The future of entertainment

The future of entertainment is cheap entertainment.

I don’t mean low-budget entertainment. I mean entertainment that is not entertaining.

A long time ago, the American audience received movies that only a studio could make. The sets, costumes, effects, stories were extravagant and expensive beyond our imagination.

Once upon a time, the Oscars award ceremony was the most glamorous, out-of-reach event we could conceive of. We watched, breathless.

Today, we’ve seen every set, story, and special effect and can replicate them with tools we own. Today, the Oscars is torn between staying serious and elegant (and losing viewers who have moved on) and trying to be as silly as the modern audience demands (and losing any distinctiveness or legacy).

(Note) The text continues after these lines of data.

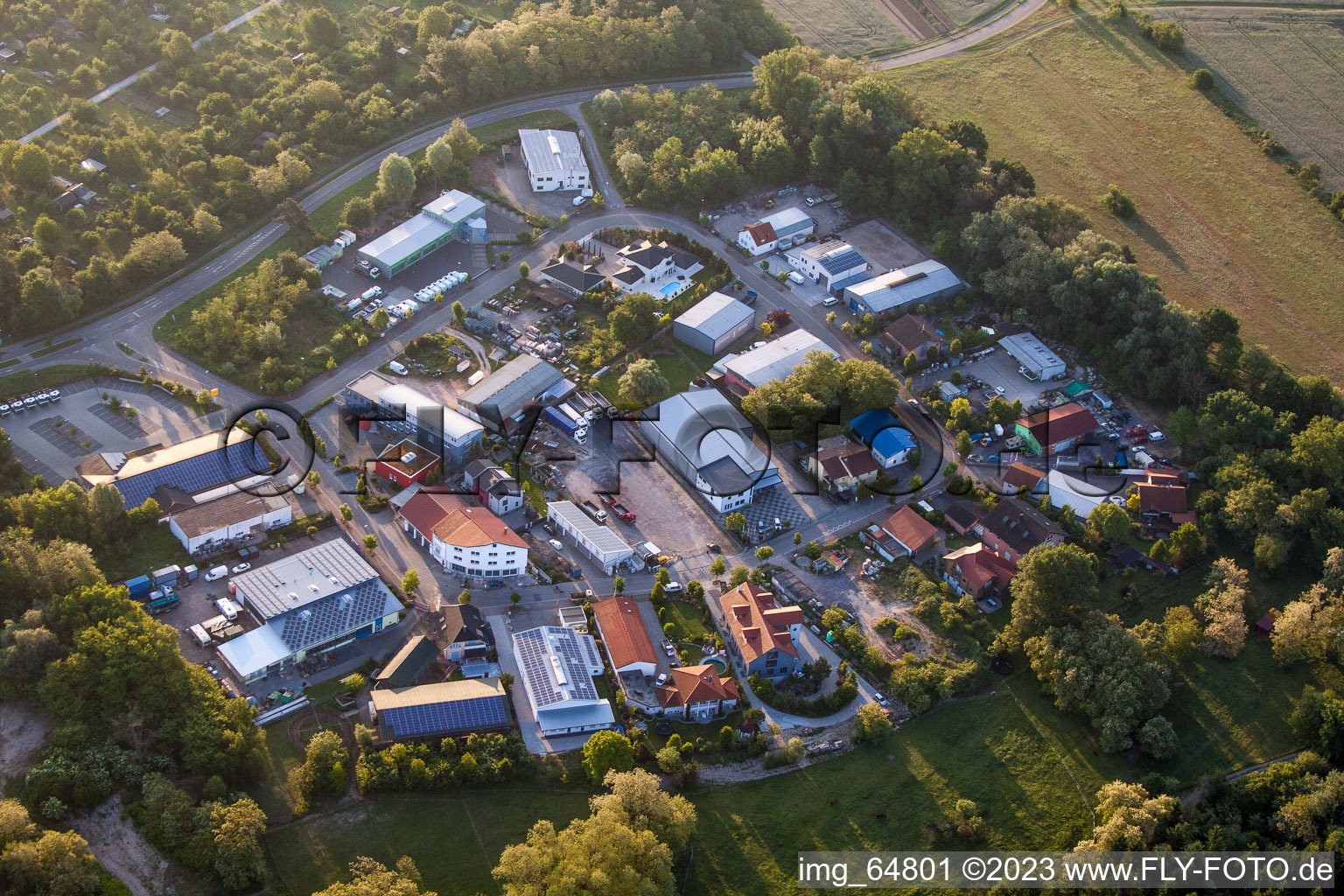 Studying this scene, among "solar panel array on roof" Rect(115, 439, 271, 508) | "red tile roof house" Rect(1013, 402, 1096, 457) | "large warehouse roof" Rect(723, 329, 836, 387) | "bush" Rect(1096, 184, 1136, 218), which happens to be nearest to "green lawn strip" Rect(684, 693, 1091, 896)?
"red tile roof house" Rect(1013, 402, 1096, 457)

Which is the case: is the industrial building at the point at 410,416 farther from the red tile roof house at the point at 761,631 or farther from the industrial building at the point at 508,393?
the red tile roof house at the point at 761,631

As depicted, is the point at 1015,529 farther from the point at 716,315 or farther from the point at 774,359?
the point at 716,315

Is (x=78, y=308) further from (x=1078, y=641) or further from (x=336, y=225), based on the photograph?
(x=1078, y=641)

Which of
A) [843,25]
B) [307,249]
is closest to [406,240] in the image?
[307,249]

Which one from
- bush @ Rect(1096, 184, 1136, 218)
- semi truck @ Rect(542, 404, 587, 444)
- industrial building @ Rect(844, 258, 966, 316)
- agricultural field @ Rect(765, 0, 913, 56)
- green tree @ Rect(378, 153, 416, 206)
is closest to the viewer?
semi truck @ Rect(542, 404, 587, 444)

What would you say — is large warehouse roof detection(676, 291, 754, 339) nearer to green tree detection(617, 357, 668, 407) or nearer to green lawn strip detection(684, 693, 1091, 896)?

And the best it leaves us with is a couple of interesting dresses… like every other award show.

Here’s the thing: the next generation tolerates, even prefers, really cheap entertainment. As long as it is readily available (YouTube, Instagram, Vine), it doesn’t have to be well-done or even actually funny. “Fred”, “Annoying Orange”, “Shaytards”, “Jenna Marbles” are not, by any standard, entertaining or insightful. They are merely popular.

The entertainment of future will be more like this, not less. And the audience of the future will not give their money for this “entertainment”, but they will, compulsively,  give their time. Staggering amounts of their time, which is to say: their life.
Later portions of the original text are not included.